Lehrer im ersten Beförderungsamt/ Amtszulage / A13 für alle

  • Oder die SL müsste alle Entlastungsstunden einkassieren, um genug Stunden im Topf zu haben. Dann sollte die SL eine Liste mit absteigender Priorität anfertigen welche Funktionen wichtig sind und dann wird von oben runter so lange der Entlastungstopf bemüht bis er leer ist. Bei den Aufgaben, die dann nicht mit Ermäßigungsstunden hinterlegt sind, muss man sich überlegen, ob man sie überhaupt benötigt.

    Gerne noch einmal: zu den Aufgaben von Lehrkräften gehören so oder so bereits auch Tätigkeiten dazu, die nicht unmittelbar mit dem eigenen Unterricht zu tun haben. Diese sind in der Lehrerarbeitszeit bereits mit eingepreist. Die Entlastungsstunden sind für den Ausgleich besonderer Belastungen vorgesehen. Die Übertragung einzelner außerunterrichtlicher Aufgaben stellt an sich aber noch nicht automatisch auch eine besondere Belastung dar.....auch wenn hier im Forum und auch in den Kollegien von einzelnen immer wieder von "Extraaufgaben" die Rede ist, sobald es nicht um den eigenen Unterricht geht. Nur ist diese Darstellung sachlich falsch.
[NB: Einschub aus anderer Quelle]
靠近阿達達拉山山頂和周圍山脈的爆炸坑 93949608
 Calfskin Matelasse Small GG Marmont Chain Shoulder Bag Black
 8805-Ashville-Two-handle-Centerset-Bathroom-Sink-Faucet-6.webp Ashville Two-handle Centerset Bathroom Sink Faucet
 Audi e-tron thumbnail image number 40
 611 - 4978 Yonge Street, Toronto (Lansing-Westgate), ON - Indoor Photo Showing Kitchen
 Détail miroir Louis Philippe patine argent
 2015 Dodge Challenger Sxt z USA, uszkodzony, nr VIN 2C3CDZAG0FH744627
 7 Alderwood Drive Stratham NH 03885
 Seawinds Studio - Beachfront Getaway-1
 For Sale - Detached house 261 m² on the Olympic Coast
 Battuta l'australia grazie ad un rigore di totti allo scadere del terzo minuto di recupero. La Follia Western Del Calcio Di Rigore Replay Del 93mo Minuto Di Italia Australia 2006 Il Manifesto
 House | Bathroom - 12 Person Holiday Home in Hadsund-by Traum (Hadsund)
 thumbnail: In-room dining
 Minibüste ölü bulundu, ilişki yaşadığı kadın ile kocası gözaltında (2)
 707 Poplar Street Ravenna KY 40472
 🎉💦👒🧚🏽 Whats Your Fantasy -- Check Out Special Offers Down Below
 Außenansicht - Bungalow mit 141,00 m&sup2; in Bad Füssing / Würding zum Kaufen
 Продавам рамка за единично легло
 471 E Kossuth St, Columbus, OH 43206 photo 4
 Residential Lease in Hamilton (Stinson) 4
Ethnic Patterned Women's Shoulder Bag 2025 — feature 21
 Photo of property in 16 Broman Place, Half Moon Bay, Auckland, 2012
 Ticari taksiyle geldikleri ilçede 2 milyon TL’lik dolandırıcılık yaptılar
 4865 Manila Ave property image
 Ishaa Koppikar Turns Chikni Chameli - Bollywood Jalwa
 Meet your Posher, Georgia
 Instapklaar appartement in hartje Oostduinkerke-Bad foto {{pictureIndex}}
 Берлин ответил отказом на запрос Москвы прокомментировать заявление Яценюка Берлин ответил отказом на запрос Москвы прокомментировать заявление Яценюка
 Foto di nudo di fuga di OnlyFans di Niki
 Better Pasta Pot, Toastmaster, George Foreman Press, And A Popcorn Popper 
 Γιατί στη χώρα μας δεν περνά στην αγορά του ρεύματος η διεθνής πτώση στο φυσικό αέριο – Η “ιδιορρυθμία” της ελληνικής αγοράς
  • Ach, wenn das eh von jedem die Pflicht ist sich in der Schulentwicklung zu engagieren, dann können wir die Beförderungen der Gymnasien von 65% einfach gleichmäßig auf alle Schulformen verteilen. Dabei ändert sich ja anscheinend nichts. Müssen die SL nur die Entlastungsstunden besser verteilen.😎

  • Die Idee, Beförderungsstellen mit Aufgaben zu verbinden, stammt ja nun wahrlich nicht von den Kollegen im Schulbetrieb. Sie dafür zu kritiseren, dass sie bei diesem Spiel gezwungenermaßen mitmachen, ist schon ziemlich daneben.

    Sie sind dazu keineswegs gezwungen. Da müssten wir uns die Motive der KollegInnen, die befördert werden wollen, ansehen.

    Gruß
    #TheRealBolzbold

    Ceterum censeo factionem AfD non esse eligendam.

  • Gerne noch einmal: Wofür wurden bzw. (am Gym) werden denn Beförderungen für das erste Beförderungsamt ausgeschrieben, wenn doch sowieso alles per Dienstordnung Dienstpflicht ist?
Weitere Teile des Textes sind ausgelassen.